Ad Emilia d'Orsi (Fattoria Casaloste), napoletana innamorata del Chianti, è toccato il compito diintrodurre l'accattivante degustazione: 20 vini suddivisi in 4 batterie "tematiche".

Nelle prime due - composte da 5 Chianti Classico DOCG e da altrettanti Riserva, di annate comprese fra il 2013 e il 2003, tutte provenienti da Panzano - sono stati riscontrati i tipici sentori fruttati di ciliegia rossa, contornati da una decisa mineralità (grafite) ed accenni balsamici. Salendo con gli anni di affinamento, si assiste ad una terziarizzazione dei profumi che virano su note di frutta rossa in confettura ed una speziatura dolce ed elegante, di cannella e liquirizia. L'utilizzo della botte grande e l'impronta del territorio regalano una beva piacevolissima e precisa anche sulle Riserve, esprimendo freschezza e persistenza e suggerendo ancora ampie potenzialità evolutive.

Degustatori Ais Lombardia | Approfondimento Chianti con Unione Viticoltori di Panzano in Chianti

La rottura degli schemi si raggiunge invece con le ultime due batterie: la terza composta da vini a base sangiovese ma prodotti con uno stile internazionale (barrique nuove, grandi concentrazioni) e l'ultima con veri e propri Supertuscans, in cui il sangiovese è affiancato ad ampie porzioni di merlot e cabernet sauvignon. Qui l'eleganza cede il passo alla potenza del frutto e di speziature importanti, talvolta dominate dalle note vegetali dei vitigni internazionali, anche se una nota fresca e balsamica permane in filigrana.

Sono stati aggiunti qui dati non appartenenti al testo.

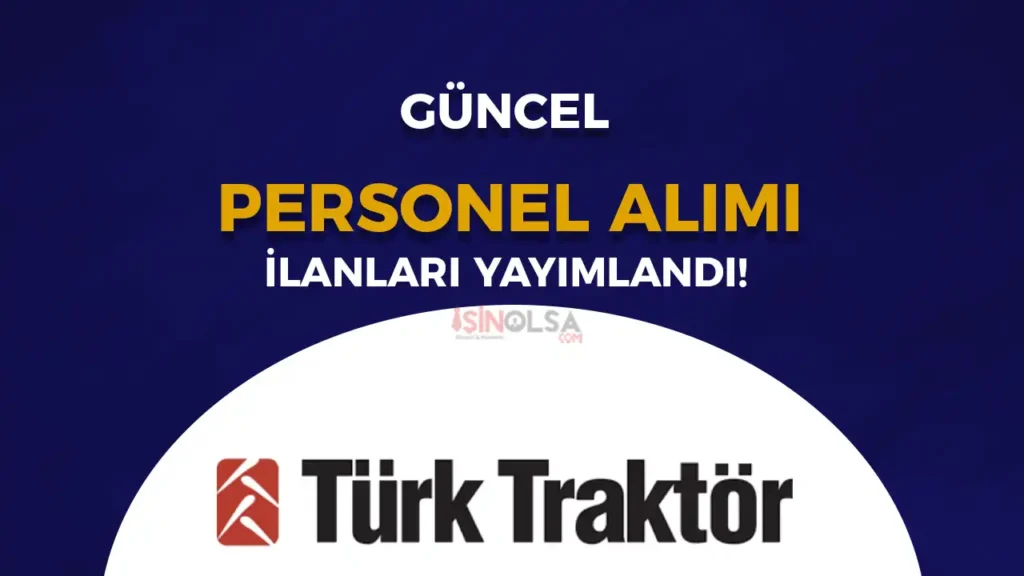 turk tarktor personel alimi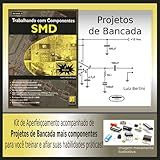 Livro Trabalhando Com Componentes SMD E Kit Projetos De Bancada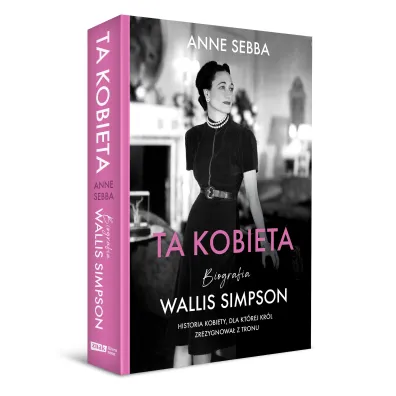 Ta kobieta. Biografia Wallis Simpson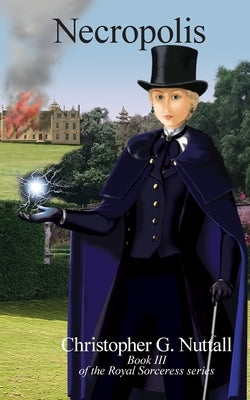 Necropolis: Book III of the Royal Sorceress series Paperback Elsewhen Press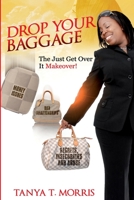 Drop Your Baggage: The Just Get Over it Makeover 1523752203 Book Cover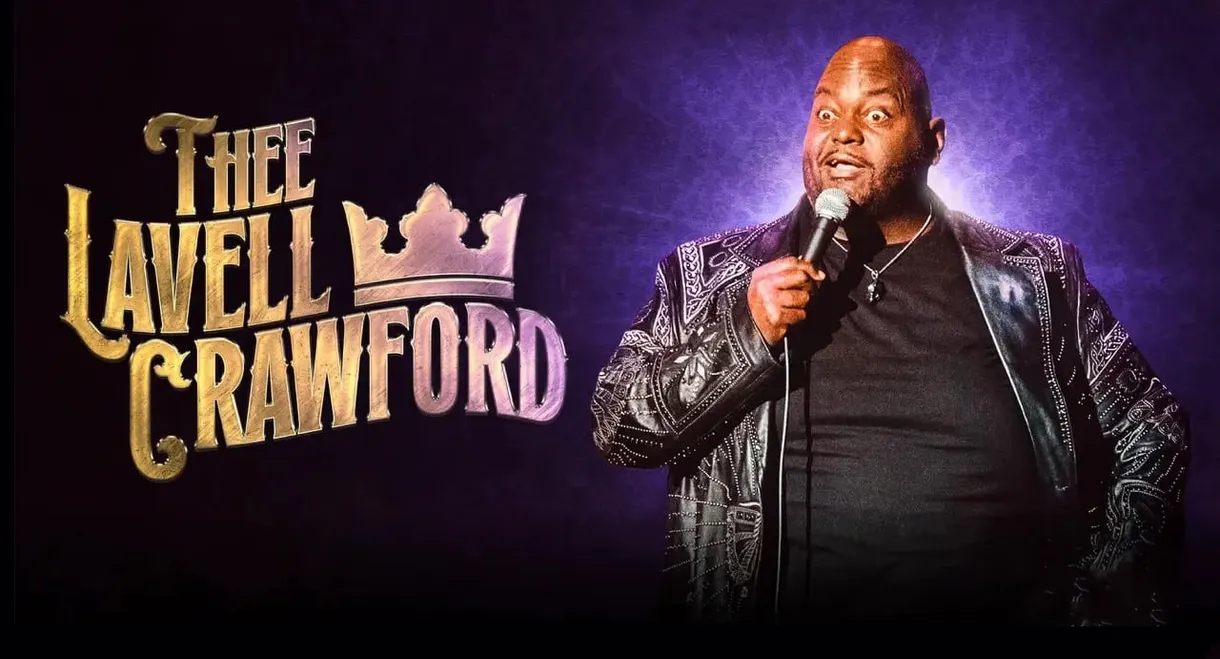 Lavell Crawford: THEE Lavell Crawford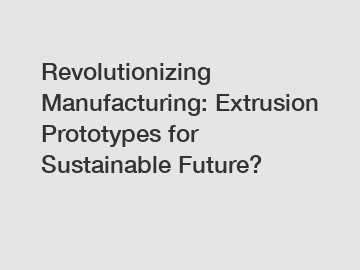 Revolutionizing Manufacturing: Extrusion Prototypes for Sustainable Future?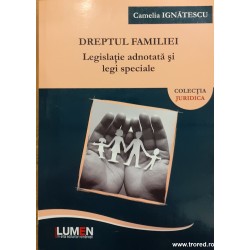 Dreptul familiei Legislatie adnotata si legi speciale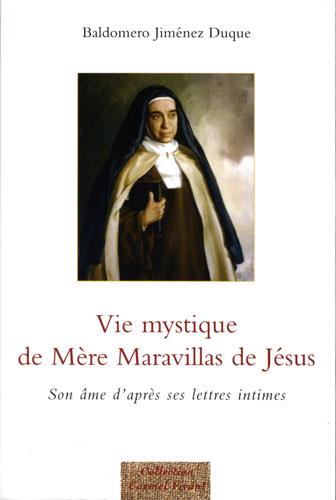 Vie mystique de mere maravillas de jesus - son ame d'apres ses lettres intimes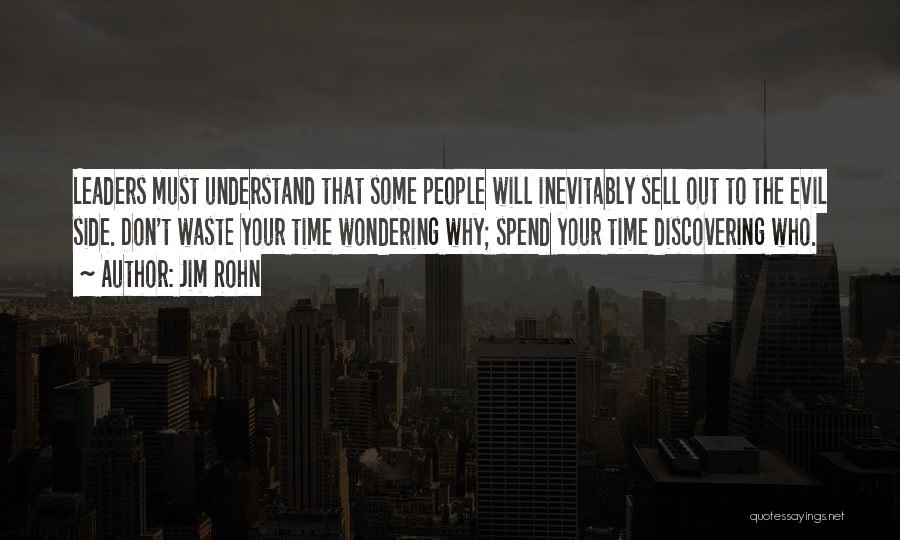 Jim Rohn Quotes: Leaders Must Understand That Some People Will Inevitably Sell Out To The Evil Side. Don't Waste Your Time Wondering Why;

Venti prodotti eccellenti ed un'ampia panoramica di come le variabili in gioco (vitigno, terroir, tecniche di produzione ed affinamento) possano incidere sulle caratteristiche finali del vino hanno ancora una volta dimostrato ai Degustatori lombardi che le generalizzazioni, specialmente su denominazioni così ampie ed eterogenee, sono spesso superficiali ed infondate.